Janis y el pasito duranguense

Por Georgina González Ontiveros
Desde ESPNdeportes.com


La primera vez que escuché "Summertime" yo tenía 17 años y la que cantaba era Janis Joplin. Era un jazz convertido en blues, o al menos eso me parecía, pero yo no sabía qué tan vieja era la canción (santa Wikipedia dice que es de 1935) ni quien la había cantado antes. No sabía nada de Billie Holiday ni de Ella Fitzgerald ni de Louis Armstrong. Nunca había oído jazz y apenas estaba descubriendo a Janis.

Yo sólo sabía que me gustaba "Summertime" y que me gustaba la versión de Janis. Después, cuando escuché las otras, casi todas en clave de jazz, yo seguí prefiriendo la canción de Joplin, quizá porque es diferente, o porque me gusta más el blues o sólo porque fue la primera que oí, pero cuando la oí con Celine Dion no me convenció. Algo le falta, es como un refresco light: no sabe a refresco, sabe a una cosa medio dulce, medio desabrida, medio chafa.

¿Y qué tiene que ver esto con el fútbol? Nada. Es un simple ejemplo de cómo algo bueno no es garantía de que funcionará por sí solo. Pongámosle un balón a Summertime y dejémoslo que ruede hacia el fascinante mundo de las analogías sin sentido: Summertime sería el Tri, es decir, una canción que ha tenido demasiadas versiones, algunas muy buenas, la mayoría (en el caso del Tri) lamentables. ¿Cuál de los muchos entrenadores que ha tenido la selección sería Janis Joplin? ¿Quién Billie Holiday? ¿Quién Ella Fitzgerald? ¿Quién, díganme quien sería Celine Dion? ¿Cómo definiríamos la versión de Bora Milutinovic? Por cierto, el primer seleccionador que recuerdo en mi niñez... ¿Cómo un blues digno de recordarse o un jazz del montón? ¿Y a Lapuente? ¿Al Vasco Aguirre? ¿A Menotti? ¿A La Volpe, Hugo, Eriksson?

¿Y de quién es la culpa que la canción, digo, el Tri no salga tan bueno como pensábamos? ¿De los instrumentos maletas que medio alcanzan a jalar de un equipo y de otro? ¿Del arreglista que no le encontró el feeling? ¿Del director de orquesta que resulta que no sabe leer música? ¿De los músicos que insisten en tocarla en versión tropicumbia a pesar de que la partitura dice exactamente que es un jazz? ¿De los coristas que la canción ni necesita pero tienen que incluirse porque así lo dice la Federación, digo, el director de orquesta? ¿Del cantante que tiene que cantarla a pesar de todo lo anterior?

El Summertime tricolor ha pasado de ser un jazz razonablemente aceptable, que podía competir contra un blues Made In USA e impresionar a las cumbias guapachosas de Centroamérica, a un fusil versión pasito duranguense, bueno para las fiestas, divertido para los bailes, pero fácilmente aplastable en el festival internacional de Montreaux. Algo anda mal con ese conjunto: de llenar estadios a cantar en bodas.

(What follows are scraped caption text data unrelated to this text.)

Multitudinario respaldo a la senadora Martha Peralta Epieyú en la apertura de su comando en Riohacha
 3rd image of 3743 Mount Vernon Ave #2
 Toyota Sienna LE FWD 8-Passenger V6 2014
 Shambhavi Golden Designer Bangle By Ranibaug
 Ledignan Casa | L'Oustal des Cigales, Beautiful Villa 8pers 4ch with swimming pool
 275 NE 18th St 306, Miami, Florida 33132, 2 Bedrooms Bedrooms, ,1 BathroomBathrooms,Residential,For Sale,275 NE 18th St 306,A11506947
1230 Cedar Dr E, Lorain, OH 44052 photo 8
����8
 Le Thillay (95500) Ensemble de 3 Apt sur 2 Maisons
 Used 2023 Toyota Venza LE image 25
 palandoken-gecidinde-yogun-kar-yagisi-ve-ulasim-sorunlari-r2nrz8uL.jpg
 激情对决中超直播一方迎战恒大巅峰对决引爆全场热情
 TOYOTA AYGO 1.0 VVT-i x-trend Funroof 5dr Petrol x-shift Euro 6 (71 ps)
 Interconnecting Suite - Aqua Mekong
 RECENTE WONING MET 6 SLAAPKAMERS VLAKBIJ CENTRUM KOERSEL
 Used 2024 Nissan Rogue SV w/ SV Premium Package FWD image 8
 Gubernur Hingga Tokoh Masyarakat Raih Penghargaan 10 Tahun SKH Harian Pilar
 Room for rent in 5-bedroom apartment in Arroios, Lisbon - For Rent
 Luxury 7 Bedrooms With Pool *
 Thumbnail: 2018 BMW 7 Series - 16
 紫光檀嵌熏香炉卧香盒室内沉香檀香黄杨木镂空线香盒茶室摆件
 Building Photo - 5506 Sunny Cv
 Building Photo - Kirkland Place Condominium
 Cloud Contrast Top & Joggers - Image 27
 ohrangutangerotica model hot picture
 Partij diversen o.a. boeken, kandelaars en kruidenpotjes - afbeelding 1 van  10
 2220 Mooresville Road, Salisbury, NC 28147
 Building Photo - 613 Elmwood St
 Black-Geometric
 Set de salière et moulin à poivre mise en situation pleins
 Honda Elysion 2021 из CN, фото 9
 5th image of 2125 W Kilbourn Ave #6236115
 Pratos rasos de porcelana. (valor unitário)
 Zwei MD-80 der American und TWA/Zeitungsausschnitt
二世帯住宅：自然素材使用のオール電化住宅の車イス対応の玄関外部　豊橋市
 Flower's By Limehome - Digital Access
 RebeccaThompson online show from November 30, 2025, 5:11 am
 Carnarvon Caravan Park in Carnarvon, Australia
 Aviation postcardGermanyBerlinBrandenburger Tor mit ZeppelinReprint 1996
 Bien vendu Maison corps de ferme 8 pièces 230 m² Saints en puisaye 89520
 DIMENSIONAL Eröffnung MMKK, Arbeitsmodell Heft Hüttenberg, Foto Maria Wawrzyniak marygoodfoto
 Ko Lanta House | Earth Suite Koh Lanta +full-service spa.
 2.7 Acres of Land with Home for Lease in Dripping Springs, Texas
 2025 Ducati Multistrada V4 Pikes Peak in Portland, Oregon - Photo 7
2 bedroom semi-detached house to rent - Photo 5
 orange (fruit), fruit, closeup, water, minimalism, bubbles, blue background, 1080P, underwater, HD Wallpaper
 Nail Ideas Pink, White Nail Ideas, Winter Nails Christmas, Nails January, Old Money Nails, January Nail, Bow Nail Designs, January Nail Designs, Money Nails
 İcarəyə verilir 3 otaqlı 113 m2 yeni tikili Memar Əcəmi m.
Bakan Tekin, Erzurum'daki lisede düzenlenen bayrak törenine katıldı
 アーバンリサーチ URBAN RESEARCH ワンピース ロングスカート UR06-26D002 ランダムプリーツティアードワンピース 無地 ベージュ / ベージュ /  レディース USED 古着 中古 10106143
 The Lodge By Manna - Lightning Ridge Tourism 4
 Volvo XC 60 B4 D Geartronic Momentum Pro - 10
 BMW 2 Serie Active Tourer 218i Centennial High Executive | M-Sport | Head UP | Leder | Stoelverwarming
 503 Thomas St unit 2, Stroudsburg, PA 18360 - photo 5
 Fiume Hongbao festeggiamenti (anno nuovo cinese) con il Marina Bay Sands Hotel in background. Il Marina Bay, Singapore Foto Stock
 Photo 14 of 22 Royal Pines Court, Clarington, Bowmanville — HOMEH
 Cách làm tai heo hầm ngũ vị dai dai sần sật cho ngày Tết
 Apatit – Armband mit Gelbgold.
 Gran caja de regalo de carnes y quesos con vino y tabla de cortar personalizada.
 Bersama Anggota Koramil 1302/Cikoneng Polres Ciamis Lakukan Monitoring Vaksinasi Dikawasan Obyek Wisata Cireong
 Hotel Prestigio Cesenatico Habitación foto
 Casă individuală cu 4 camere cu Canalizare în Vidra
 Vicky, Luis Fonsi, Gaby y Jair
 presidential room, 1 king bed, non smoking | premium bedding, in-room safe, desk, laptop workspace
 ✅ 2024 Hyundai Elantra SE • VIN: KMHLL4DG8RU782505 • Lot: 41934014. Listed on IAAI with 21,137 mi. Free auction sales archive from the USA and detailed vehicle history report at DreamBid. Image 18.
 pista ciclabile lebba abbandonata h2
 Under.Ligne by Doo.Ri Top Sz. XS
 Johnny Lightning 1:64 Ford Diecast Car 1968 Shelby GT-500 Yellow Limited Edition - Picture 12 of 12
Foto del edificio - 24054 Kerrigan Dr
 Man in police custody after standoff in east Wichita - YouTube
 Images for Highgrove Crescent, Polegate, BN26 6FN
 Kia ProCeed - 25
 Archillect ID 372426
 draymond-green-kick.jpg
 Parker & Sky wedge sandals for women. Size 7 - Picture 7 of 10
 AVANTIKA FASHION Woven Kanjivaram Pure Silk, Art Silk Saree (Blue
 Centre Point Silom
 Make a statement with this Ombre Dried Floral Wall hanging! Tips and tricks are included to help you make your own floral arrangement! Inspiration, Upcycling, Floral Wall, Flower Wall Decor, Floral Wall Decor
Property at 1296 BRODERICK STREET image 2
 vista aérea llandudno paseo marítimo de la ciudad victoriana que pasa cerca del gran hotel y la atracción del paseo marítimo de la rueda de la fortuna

Personalmente prefiero al Tri de antes, el de la versión jazzeadita. Y como ya no está la gran Janis para cantarme Summertime, ahora pediría el saxofón del Tibu, que en mi tierra lo conocen como el bailarín del grupo Troker, lanzando al aire las notas de esta canción, que es de mis favoritas.

Amarga sweetiniela

Soy un desastre con las quinielas: otra vez sólo le atiné a un partido, otra vez gracias a Pumas, y quedé con la vergonzosa cuenta de seis aciertos en tres jornadas. Pero Marisa Lara y Martha Guerra sí saben y están haciéndonos ganar. Sólo Heriberto Murrieta ha podido emparejárseles. ¡Ésas son mis colegas!

Reporte Fantasy

El Led Zeppelin Fantasy Club cayó una posición junto con muchísimos equipos virtuales más y quedó en el lugar 1951 con 97 puntotes, mientras que el primer lugar de la liga del Desafío Futmex es para el equipo The Mexican (yeah, mexican!) entrenado por Gustavo Fenoll. Aprendamos de él: sus cartas fuertes en la jornada tres fueron Ricardo Esqueda, de Indios; el chiva Carlos Ochoa y los trueques Santana y Ponce, de Toluca y Guadalajara respectivamente.

No anda nada perdido don Gustavo Fenoll, mientras que el resto tenemos cinco días para decidir nuestra alineación para la fecha cuatro. Hay que poner a trabajar las matemáticas.